Kratom, an herbal drug used by chronic pain patients and people with opioid use disorder, has been on the Drug Enforcement Administration’s chopping block for years, but it could become illegal a lot sooner than expected. On Friday, 239 members of the US House of Representatives voted to pass H.R.2851, the Stop the Importation and Trafficking of Synthetic Analogues Act — SITSA Act for short — which is intended to help fight the growing opioid epidemic in the US. Unfortunately, it could also have the side effect of giving the Department of Justice broad authority to make kratom illegal.
The SITSA Act, which has not yet been approved by the Senate, would expand the Controlled Substances Act to include one additional category of drugs: Schedule A. Currently, the CSA includes five categories — or “Schedules” — of drugs, numbered I through V. Schedule I contains illegal drugs like heroin and LSD, and Schedules II through V contain drugs that could be abused but are available with prescriptions (for instance, oxycodone is Schedule II and Ambien is Schedule IV).
Under the SITSA Act, the Justice Department could quickly place any analogues of existing drugs into Schedule A. An analogue is any drug that has a similar chemical structure and an “actual or predicted” effect that’s similar to a drug that’s already scheduled. That’s what worries advocates of kratom, an herbal drug that is not currently illegal but has opioid properties.
On its face, the bill is focused squarely on synthetic opioids that are fueling the opioid crisis. The only specific drugs it lists are 13 chemical analogues of fentanyl, the powerful opioid that the US Centers for Disease Control and Prevention blames for a large portion of the recent increases in opioid overdose deaths. If passed, the SITSA Act will give the Justice Department broad authority to quickly assign these fentanyl varieties a similar legal status as fentanyl, making it possible to swiftly prosecute anyone distributing substances that aren’t actually illegal.
But as concerned critics have pointed out, the SITSA Act also opens the door for an even broader interpretation of the law, in which the Justice Department could quickly add other chemicals to Schedule A without much oversight. Compounds can remain for up to five years in that category until there’s sufficient research to back up a permanent scheduling decision.
This is what kratom advocates are specifically worried about. In February, the US Food and Drug Administration warned that kratom is chemically similar to opioids and could therefore fuel the opioid crisis. As Inverse has reported, experts question the FDA’s assessment of the danger posed by kratom. Nevertheless, if the SITSA Act passes, that FDA report could be all the evidence the DEA needs to place kratom into Schedule A. At that point, the Justice Department would have five years to place it into a more permanent category.

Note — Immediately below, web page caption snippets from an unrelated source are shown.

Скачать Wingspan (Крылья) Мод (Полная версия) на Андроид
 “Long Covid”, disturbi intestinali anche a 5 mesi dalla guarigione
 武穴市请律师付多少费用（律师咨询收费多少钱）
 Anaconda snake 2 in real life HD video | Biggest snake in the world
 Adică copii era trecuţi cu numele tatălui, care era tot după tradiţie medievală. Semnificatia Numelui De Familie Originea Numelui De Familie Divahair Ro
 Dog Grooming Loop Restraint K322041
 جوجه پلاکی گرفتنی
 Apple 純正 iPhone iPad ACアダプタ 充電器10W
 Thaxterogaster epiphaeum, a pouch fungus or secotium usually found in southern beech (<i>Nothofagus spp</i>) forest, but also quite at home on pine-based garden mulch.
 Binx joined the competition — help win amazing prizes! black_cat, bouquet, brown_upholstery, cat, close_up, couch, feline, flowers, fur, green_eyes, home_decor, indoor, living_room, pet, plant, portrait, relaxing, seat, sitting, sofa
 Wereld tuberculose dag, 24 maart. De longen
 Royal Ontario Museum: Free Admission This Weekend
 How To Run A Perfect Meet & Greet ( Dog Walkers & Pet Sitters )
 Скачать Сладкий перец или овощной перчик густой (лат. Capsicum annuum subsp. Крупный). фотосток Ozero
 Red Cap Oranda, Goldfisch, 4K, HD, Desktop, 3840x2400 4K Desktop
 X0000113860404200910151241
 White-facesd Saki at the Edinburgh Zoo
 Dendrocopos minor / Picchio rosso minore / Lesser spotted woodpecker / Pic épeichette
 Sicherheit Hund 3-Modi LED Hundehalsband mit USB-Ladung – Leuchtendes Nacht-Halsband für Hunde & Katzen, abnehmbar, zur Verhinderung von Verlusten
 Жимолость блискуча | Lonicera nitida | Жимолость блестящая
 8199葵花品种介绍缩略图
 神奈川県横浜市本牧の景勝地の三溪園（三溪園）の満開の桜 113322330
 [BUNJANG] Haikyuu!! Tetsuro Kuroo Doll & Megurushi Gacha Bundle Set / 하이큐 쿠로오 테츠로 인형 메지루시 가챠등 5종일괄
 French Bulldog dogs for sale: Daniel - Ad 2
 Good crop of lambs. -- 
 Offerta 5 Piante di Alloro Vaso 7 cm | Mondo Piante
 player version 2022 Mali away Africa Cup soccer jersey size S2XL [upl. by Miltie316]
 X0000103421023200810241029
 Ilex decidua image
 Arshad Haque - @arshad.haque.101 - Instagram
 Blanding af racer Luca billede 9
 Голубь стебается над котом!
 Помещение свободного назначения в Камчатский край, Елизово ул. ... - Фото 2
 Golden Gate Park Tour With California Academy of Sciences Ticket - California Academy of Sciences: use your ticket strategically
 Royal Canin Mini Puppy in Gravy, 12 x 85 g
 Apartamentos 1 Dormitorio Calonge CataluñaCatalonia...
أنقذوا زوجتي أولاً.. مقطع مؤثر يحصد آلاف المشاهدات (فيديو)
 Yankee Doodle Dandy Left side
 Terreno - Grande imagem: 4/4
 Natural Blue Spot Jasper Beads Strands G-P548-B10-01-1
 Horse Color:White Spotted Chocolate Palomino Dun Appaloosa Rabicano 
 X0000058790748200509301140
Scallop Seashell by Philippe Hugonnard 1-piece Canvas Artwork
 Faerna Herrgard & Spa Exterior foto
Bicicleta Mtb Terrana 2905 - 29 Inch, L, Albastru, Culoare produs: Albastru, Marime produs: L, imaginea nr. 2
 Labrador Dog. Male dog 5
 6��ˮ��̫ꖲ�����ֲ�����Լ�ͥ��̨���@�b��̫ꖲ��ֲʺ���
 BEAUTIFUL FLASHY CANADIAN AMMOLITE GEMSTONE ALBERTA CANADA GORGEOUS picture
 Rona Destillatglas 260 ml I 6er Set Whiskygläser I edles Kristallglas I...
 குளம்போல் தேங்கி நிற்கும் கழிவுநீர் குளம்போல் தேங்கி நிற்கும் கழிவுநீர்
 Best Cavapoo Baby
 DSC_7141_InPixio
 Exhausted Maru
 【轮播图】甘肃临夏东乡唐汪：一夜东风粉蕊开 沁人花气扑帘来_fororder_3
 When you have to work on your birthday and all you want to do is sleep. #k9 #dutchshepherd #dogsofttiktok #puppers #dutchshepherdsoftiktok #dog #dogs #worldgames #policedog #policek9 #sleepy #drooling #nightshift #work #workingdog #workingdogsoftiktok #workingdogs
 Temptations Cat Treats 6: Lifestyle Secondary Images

In an open letter to Congress published on June 14, Human Rights Watch, the ACLU, the NAACP, and over a dozen other organizations expressed opposition to the bill, arguing that it would disproportionately punish drug users rather than manufacturers or distributors. “The legislation attempts to address the very real problem of synthetic opioid overdoses in the United States, but we believe that its methods are misguided,” the letter reads. “Instead of punishing people who use drugs and low-level dealers, legislation should focus on expanding treatment opportunities and targeting the international drug trade.”
Additionally, the SITSA Act includes language outlining criminal penalties (fines and prison time) rather than treatment or rehabilitation. So, while the prime motivation behind the SITSA Act may be public health, it could do more harm than good by further criminalizing drug addiction instead of helping expand treatment resources for people who need them.
And as far as kratom goes, if the rules of the SITSA Act eventually make it illegal, then researchers will have a much harder time investigating whether it could actually be a safer alternative to opioids.